Jurisprudence | Placement à des fins d’assistance
Un trouble éphémère de la conscience ne justifie pas un PAFA ; la compétence de décider d’un PAFA ne peut pas être déléguée ; précision de la notion de grave état d’abandon
Résumé
Le Dr A, appelé en urgence au chevet de Dame B en hypoglycémie, fit appel à des ambulanciers et leur remit un bon d’hospitalisation ainsi qu’un formulaire de placement à des fins d’assistance (ci-après PAFA) « à utiliser si besoin » : Dame B aurait tenu des propos agressifs, refusé d’entendre des explications et se serait montrée incapable de mener une argumentation, ce qui aurait dénoté un grave état d’abandon. Le Dr A fut dénoncé par les hôpitaux universitaires de Genève pour avoir pris une décision d’hospitalisation contre la volonté de Dame B alors même que celle-ci ne remplissait pas les conditions d’un PAFA. La Commission de surveillance prononça un avertissement à l’encontre du Dr A pour n’avoir pas compris les modalités du PAFA et parce qu’il n’avait pas le droit de laisser aux ambulanciers le choix d’exécuter une décision de PAFA. Le Dr A recourt au Tribunal fédéral (ci-après TF) qui confirme l’avertissement.
Le TF rappelle que le PAFA est un acte d’autorité débouchant sur une privation de liberté et que les actes d’autorité peuvent fonder une sanction disciplinaire.
Le Dr A ayant allégué que c’était un grave état d’abandon qui justifiait le PAFA le TF précise que cette notion doit être interprétée d’autant plus restrictivement qu’elle n’est pas mentionnée comme cause possible d’une privation de liberté par la Convention européenne des droits de l’homme (ci-après CEDH). Il estime d’autre part que la situation de Dame B n’avait rien à voir avec celles dans lesquelles il avait validé l’existence d’un état incompatible avec la dignité humaine.

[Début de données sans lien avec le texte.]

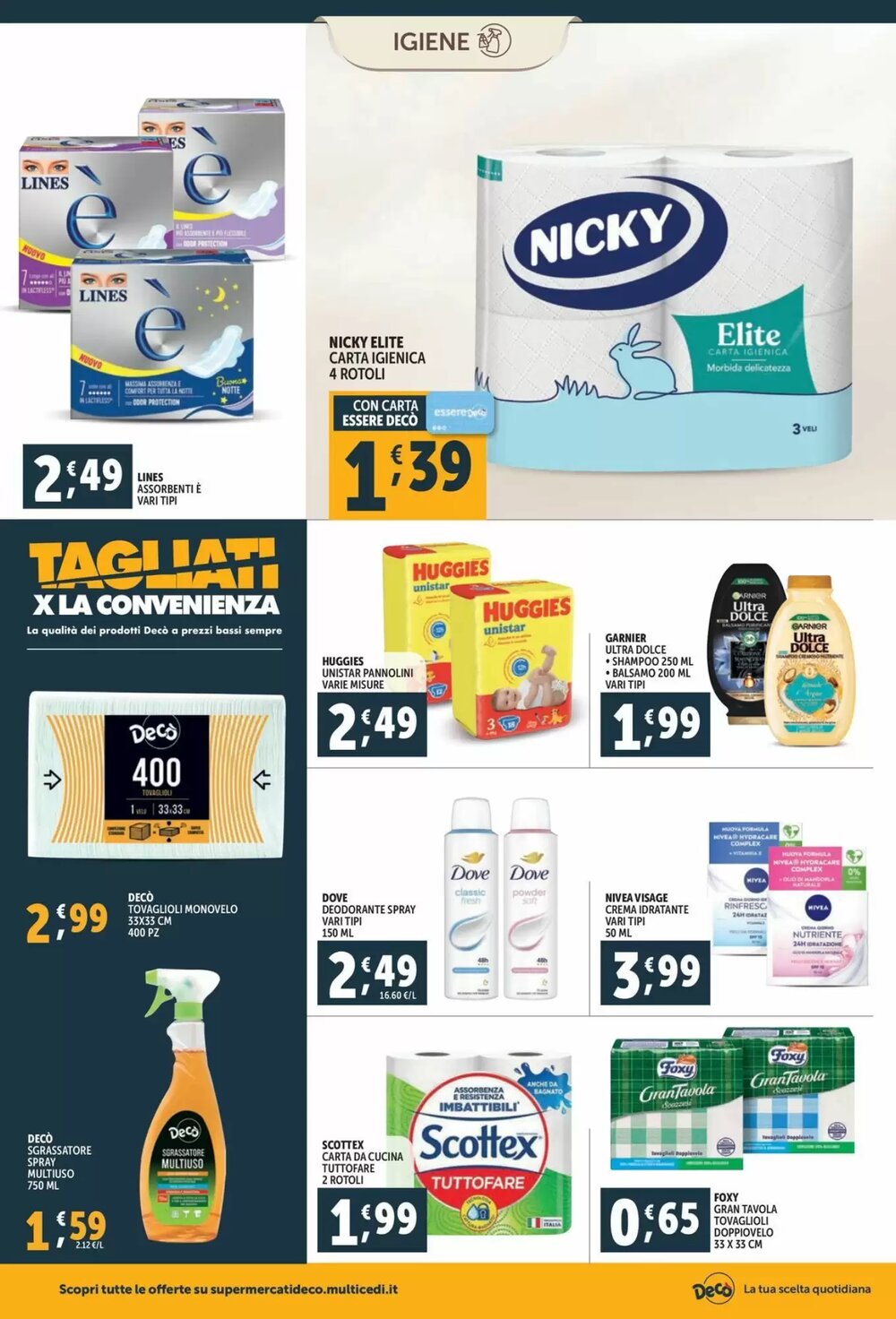 Volantino promozionale Deco Market  valide dal 29/12/2025 - Pagina 22.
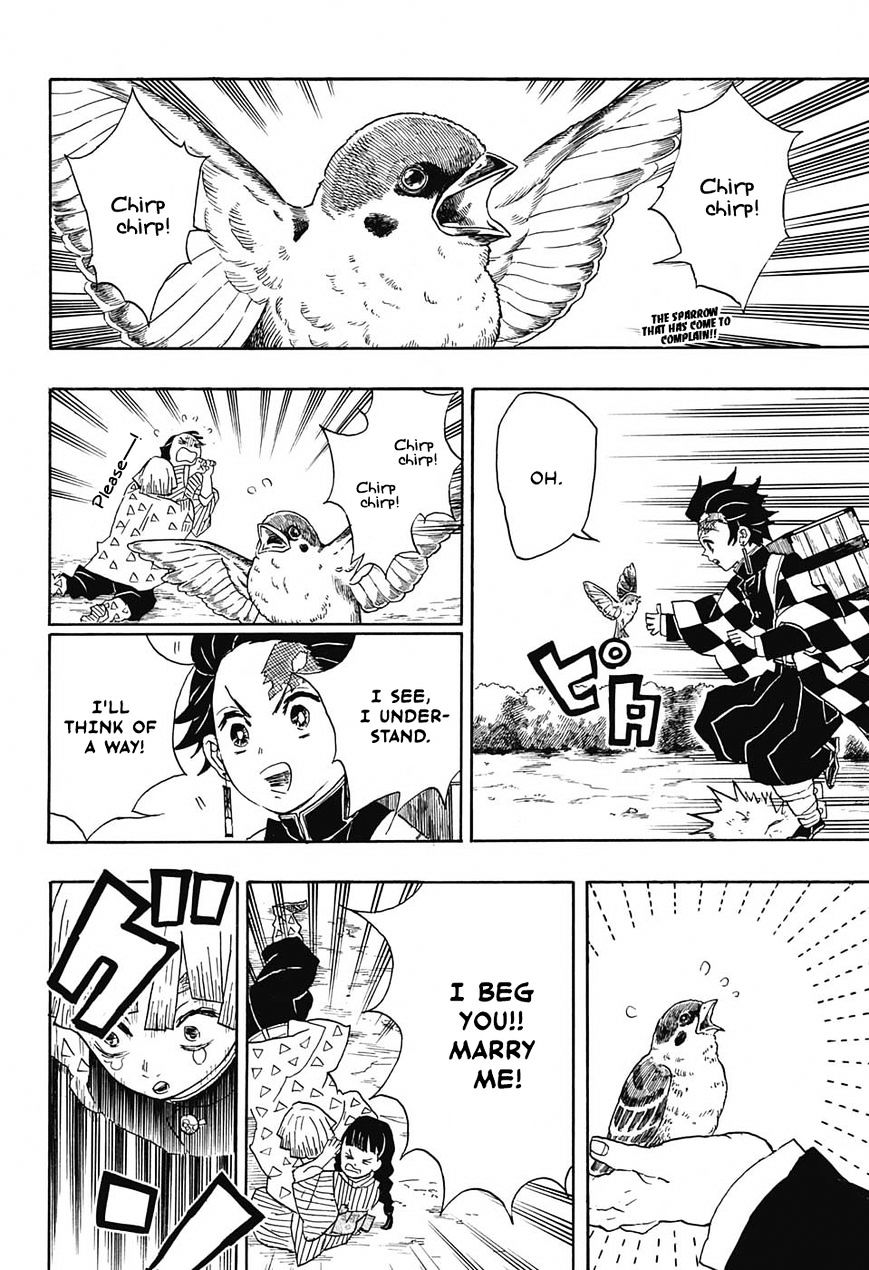 Read Kimetsu No Yaiba EN Manga Online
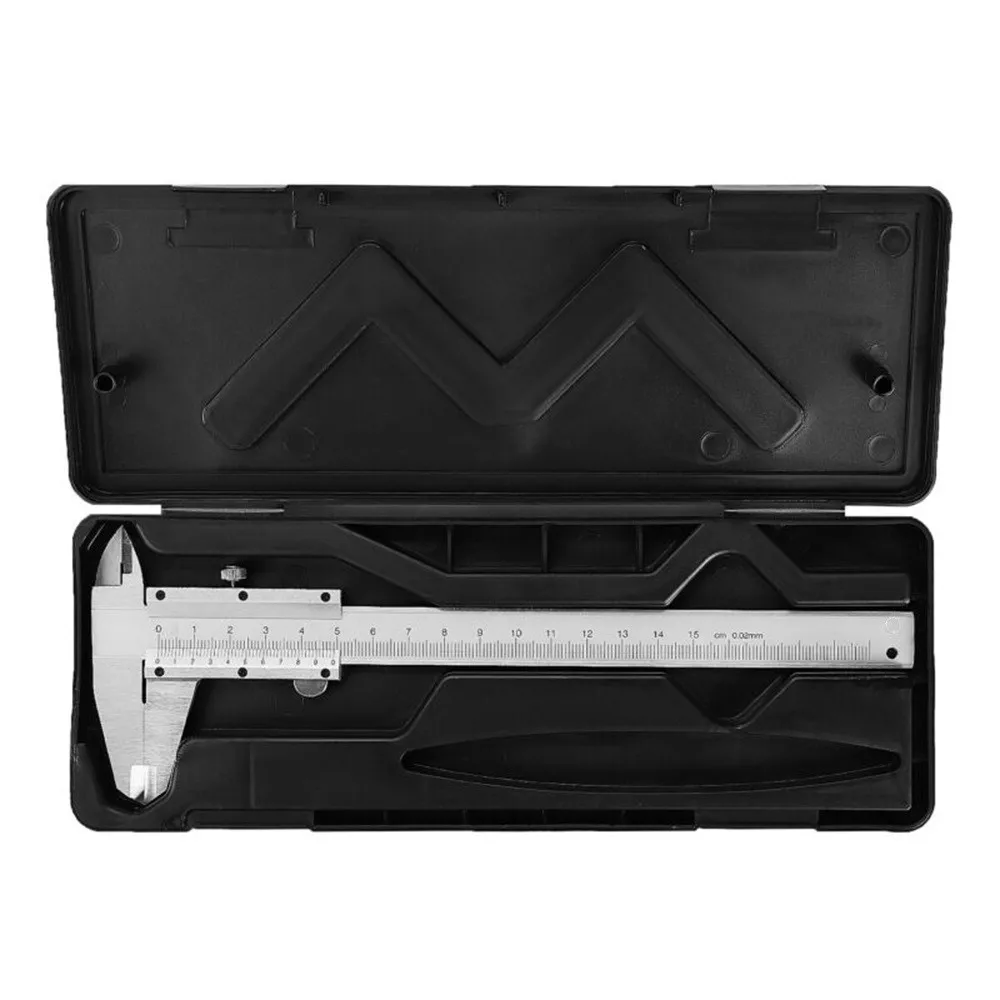 0-150mm Vernier Caliper 0.02mm - огляд і ціна Workshop Tools Engineering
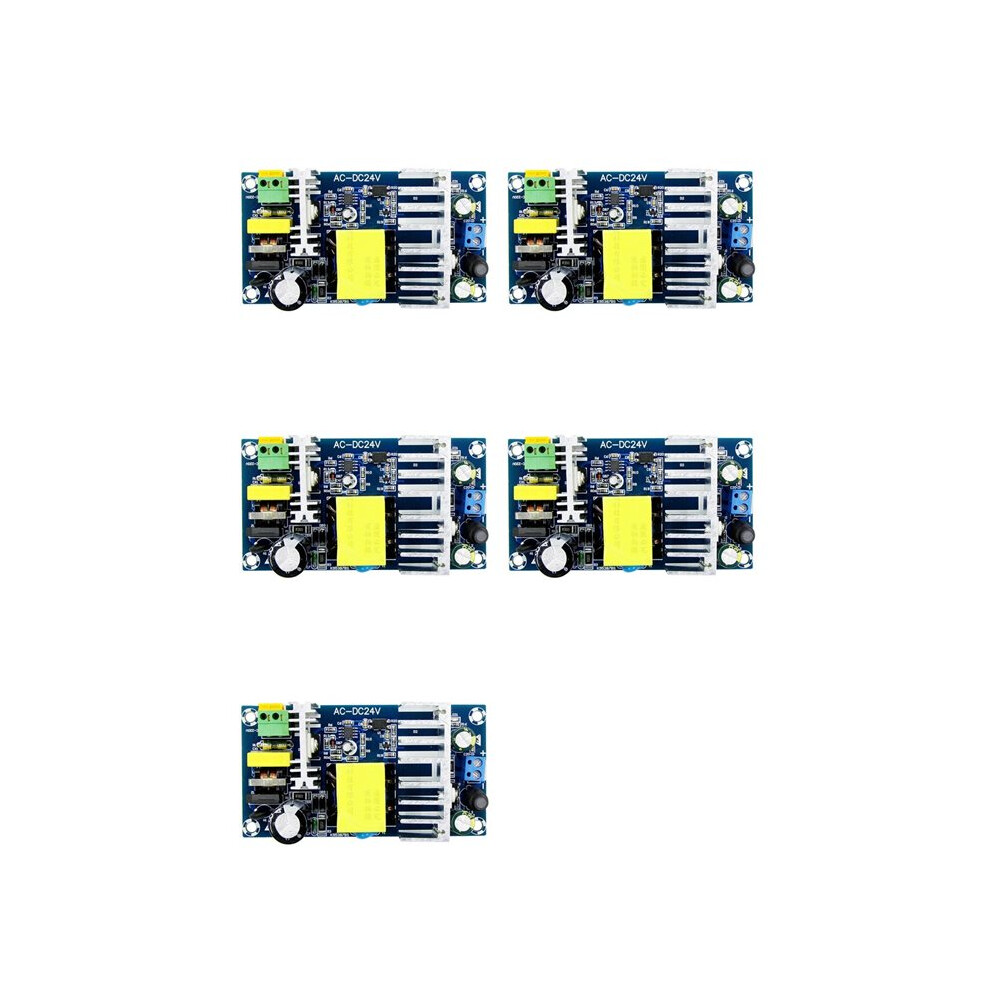 5X Ac 110V 220V To 24V 6A Ac- Switching Power Supply Board Module Buck Converter 100W Xk-2412-24 Power Supply 6032270333650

Puis le TF constate que le Dr A n’a pris aucune des précautions imposées aux Autorités de protection de l’adulte et de l’enfant pour autoriser un PAFA : indiquer en quoi les éventuels troubles psychiques risquaient de mettre la vie de Dame B ou de tiers en danger, dire s’il y avait nécessité de l’assister ou de la traiter, préciser les risques concrets pour la vie pour la santé de Dame B qui subsisteraient si la prise en charge préconisée n’était pas mise en œuvre et signaler si Dame B prenait conscience de sa maladie et de la nécessité d’un traitement. Dans tous les cas, une altération passagère de la conscience ayant une cause somatique fait obstacle à une mesure aussi extrême qu’un PAFA. Constatant au surplus que la loi ne laisse pas la possibilité à un médecin de déléguer la prérogative d’apprécier concrètement les conditions matérielles d’un PAFA, le TF confirme que le Dr A a lourdement contrevenu à ses obligations professionnelles et violé la loi.
Finalement, le TF répond aux tentatives de justification du Dr A qui se prévaut de son obligation de prêter assistance en cas d’urgence. Doutant de l’existence d’une situation d’urgence, le TF rappelle que même en cas d’urgence le médecin doit respecter les règles de l’art. Considérant que l’acte du Dr A était révélateur d’un manque de connaissance des principes essentiels du bon fonctionnement de l’activité médicale, que ses fautes étaient sérieuses et qu’il avait créé les conditions d’une atteinte grave à la liberté personnelle de Dame B, le TF confirme l’avertissement, qui est la plus faible des sanctions.
Commentaire
Reste à espérer que la légèreté du Dr A est l’unique source d’une utilisation inconséquente de mesures gravement coercitives. Il serait inquiétant de devoir incriminer le manque de formation ou une pratique médicale contemporaine voyant le·la praticien·ne abandonner le·la patient·e ainsi que ses compétences professionnelles pour courir à ses plaisirs. Notons encore que le grave état d’abandon, tel un caillou dans la chaussure du PAFA, fait boiter les tribunaux qui ne savent plus comment rendre cette notion suisse compatible avec la CEDH qui l’ignore.